Coisa de profissionais: a saída de cena de Antonio Palocci foi planejada e executada com esmero – tudo sincronizado, timing perfeito, nenhum lapso ou imprevisto.
Primeiro arma-se uma pseudo-satisfação à sociedade através de duas entrevistas “exclusivas”, quase simultâneas, em veículos respeitáveis, na véspera de um fim de semana para abafar eventuais insatisfações. Servirá também para humanizar o acusado e apresentá-lo como figura tranqüila, articulada, transbordante de bom senso e boa-fé. Tarefa cumprida.
Em seguida, na segunda-feira (6/6), o Procurador Geral da República, Roberto Gurgel, comunica o arquivamento da denúncia de enriquecimento ilícito por não configurar transgressão penal. E, na terça, antes que se arme um tsunami político, num gesto de renúncia e humildade o ministro pede demissão irrevogável.
Noções elementares
O lado bom: descobrimos que o país dispõe de um excelente time de gestores de crise. O estrago causado pela denúncia de enriquecimento ilícito do ministro-fiador da política econômica foi cirurgicamente circunscrito. Como não houve crime, não há o que investigar e assim todos viverão felizes para sempre.
O lado lamentável: numa sociedade bacharelesca, cartorial, empenhada primordialmente em disfarçar delitos, treinada há séculos na sublime arte das indulgências e complacências, o Bem e o Mal são definidos tão somente pelo Código Penal. Não há outros parâmetros, regras e convenções para julgar gestos, comportamentos e desempenhos.
A sutil e persistente transformação de pecados capitais em pecadilhos venais joga na lata do lixo valores que a humanidade construiu com grande esforço para diferenciar-se das bestas. Este é o custo Brasil.
O Caso Palocci desvendou uma potência emergente, esperançosa, cheia de si e rigorosamente desamparada no plano moral. Esta terra exuberante está sendo transformada no cemitério da ética, necrópole da decência, sepulcrário do decoro, cova da probidade. Aqui está sendo construído um império do cinismo onde as malfeitorias são tipificadas no plano material, desvinculadas de qualquer aferição espiritual ou até mesmo estética – evaporou-se o conceito de sujeira, deformação ou aberração.
Desta res publica comandada pela voracidade privada e deste Estado de Direito truncado por privilégios escusos estão sendo perigosamente extirpadas noções elementares para a convivência humana como respeitabilidade e honorabilidade. Tornam-se inúteis, descartáveis.
Dois patrões
Se Antonio Palocci não errou como ser humano, cidadão ou ministro de Estado errou feio como membro do Conselho Administrativo da Petrobras onde tinha assento na condição de ministro-chefe da Casa Civil.

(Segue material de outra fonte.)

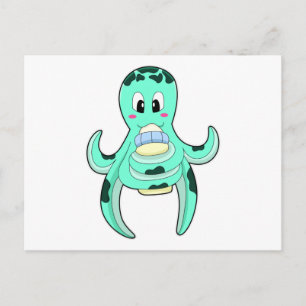 Octopus met melkfles briefkaart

Não é legal, não é legítimo, não é conveniente, nem apropriado ou adequado que uma mesma pessoa acumule as funções de consultor de empresas e conselheiro de uma das maiores petroleiras do mundo. Um de seus secretíssimos clientes não poderia ser um concorrente da estatal?
Se o enriquecimento vertiginoso de uma autoridade não gera suspeição e, portanto, não merece ser investigado, se transferência de expertise (segredos) não equivale a tráfico de influência, se trabalhar simultaneamente para dois patrões não produz conflitos de interesses, então que se elimine do dicionário o termo deontologia e locupletem-se todos os mal-intencionados.